Над ними сияло солнце. То клубясь, то растягиваясь в ломаную бархатисто-черную линию, с криком летели в густой синеве неба станицы темнокрылых казарок. Одуряюще пахло нагретой землей, травяной молодью. Григорий, часто дыша, с жадностью вбирал в легкие живительный весенний воздух. Голос Прохора с трудом доходил до его слуха, и все кругом было какое-то нереальное, неправдоподобно уменьшенное, далекое. Позади, приглушенные расстоянием, глухо гремели орудийные выстрелы. Неподалеку согласно и размеренно выстукивали колеса железного хода, фыркали и ржали лошади, звучали людские голоса; резко пахло печеным хлебом, сеном, конским потом. До помраченного сознания Григория доходило все это словно из другого мира. Напрягши всю волю, он вслушался в голос Прохора, с величайшим усилием понял — Прохор спрашивал у него:
— Молоко будешь пить?
Григорий, еле шевеля языком, облизал спекшиеся губы, почувствовал, как в рот ему льется густая, со знакомым пресным привкусом, холодная жидкость. После нескольких глотков он стиснул зубы. Прохор заткнул горлышко фляжки, снова наклонился над Григорием, и тот скорее догадался по движениям обветренных Прохоровых губ, нежели услышал обращенный к нему вопрос:
— Может, тебя оставить в станице? Трудно тебе?

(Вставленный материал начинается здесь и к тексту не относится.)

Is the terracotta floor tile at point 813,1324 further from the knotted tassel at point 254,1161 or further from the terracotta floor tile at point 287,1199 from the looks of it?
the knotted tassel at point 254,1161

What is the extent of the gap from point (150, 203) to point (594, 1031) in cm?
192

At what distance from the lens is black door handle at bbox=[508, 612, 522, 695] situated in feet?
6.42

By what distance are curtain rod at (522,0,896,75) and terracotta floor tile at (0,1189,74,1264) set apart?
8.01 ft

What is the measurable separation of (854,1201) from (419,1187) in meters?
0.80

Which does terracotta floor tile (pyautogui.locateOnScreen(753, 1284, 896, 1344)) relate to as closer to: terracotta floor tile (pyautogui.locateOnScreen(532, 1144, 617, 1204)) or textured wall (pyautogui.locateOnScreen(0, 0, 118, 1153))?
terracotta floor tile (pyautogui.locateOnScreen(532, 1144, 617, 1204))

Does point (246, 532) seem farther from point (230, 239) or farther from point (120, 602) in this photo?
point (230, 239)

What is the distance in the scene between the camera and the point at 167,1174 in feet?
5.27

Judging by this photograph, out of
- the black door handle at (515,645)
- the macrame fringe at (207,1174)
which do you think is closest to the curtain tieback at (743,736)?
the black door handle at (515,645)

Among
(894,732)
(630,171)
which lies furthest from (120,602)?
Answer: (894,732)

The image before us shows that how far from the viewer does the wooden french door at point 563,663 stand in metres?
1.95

На лице Григория отразились страдание и тревога; еще раз он собрал в комок волю, прошептал:
— Вези… пока помру…
По лицу Прохора он догадался, что тот услышал его, и успокоенно закрыл глаза, как облегчение принимая беспамятство, погружаясь в густую темноту забытья, уходя от всего этого крикливого, шумного мира…
XXVIII
За всю дорогу до самой станицы Абинской Григорию запомнилось только одно: беспросветной темной ночью очнулся он от резкого, пронизывающего насквозь холода. По дороге в несколько рядов двигались подводы. Судя по голосам, по неумолчному глухому говору колес, — обоз был огромный. Подвода, на которой ехал Григорий, находилась где-то в средине этого обоза. Лошади шли шагом. Прохор почмокивал губами, изредка простуженным голосом хрипел: «Но-о-о, дружки!» — и взмахивал кнутом. Григорий слышал тонкий посвист ременного кнута, чувствовал, как, брякнув вальками, лошади сильнее влегали в постромки, повозка двигалась быстрее, иногда постукивая концом дышла в задок передней брички.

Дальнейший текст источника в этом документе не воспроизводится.